West Virginia's only lead was short-lived, though, when Boeheim answered in transition.
Taz Sherman and McBride 3s kept it a one-point advantage with five minutes to go before a 10-point Syracuse flurry. Boeheim and Robert Braswell made 3s, and Dolezaj and Guerrier got close ones to push the Syracuse lead to 70-59.
"I thought we did a pretty good job getting back into the game," Huggins said. "We took a (one-point) lead and then we kept switching when we shouldn't have switched. We needed to keep the same defender on their best player.
"We stopped guarding and it goes from a tie game to them up nine," he added.
McNeil's seventh 3 and a Matthews layup with 44 seconds to go got the deficit to four, and some Mountaineer pressure led to a
Gabe Osabuohien layup making it 74-72. But Syracuse managed to get the ball inbounds to Boeheim with two seconds left and his free throw was the game's final point.
Guerrier, Dolejaz and Joseph Girard III scored 12 points each for Syracuse, which advances to the round of 16 where it will meet the winner of tonight's Houston-Rutgers game.

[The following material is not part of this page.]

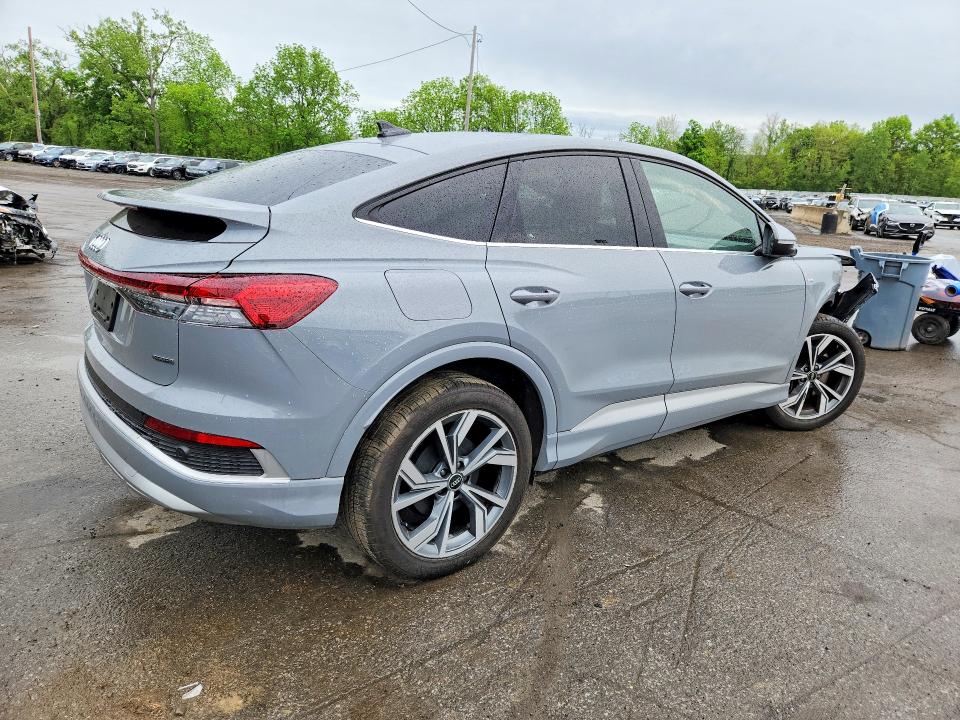 54210796 :رقم المزاد ، WA122BFZ7PP029978 vin ، 2023 Audi Q4 E-tron مزاد بيع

McNeil led West Virginia with 23 points on eight-of-15 shooting, including seven-of-13 from 3. The rest of the team was just 18 of 55 for 32.7%.
Matthews Jr. contributed 14 while Sherman and McBride added 11 each. McBride had 30 in Friday night's opening-round win over Morehead State. All-Big 12 forward
Derek Culver finished with seven points and three rebounds while seeing just 21 minutes of court time.
"We were struggling to guard them and Gabe is our best inside defender," Huggins said of his decision to sit Culver for a good portion of the second half. "They were doubling Derek (offensively) and our timing getting the ball inside to him wasn't very good."
West Virginia concludes its season with a 19-10 record. Nine of the Mountaineers' 10 defeats this year were by five points or less.
WVU had advanced to the round of 16 in three out of its last four NCAA Tournament appearances dating back to 2015.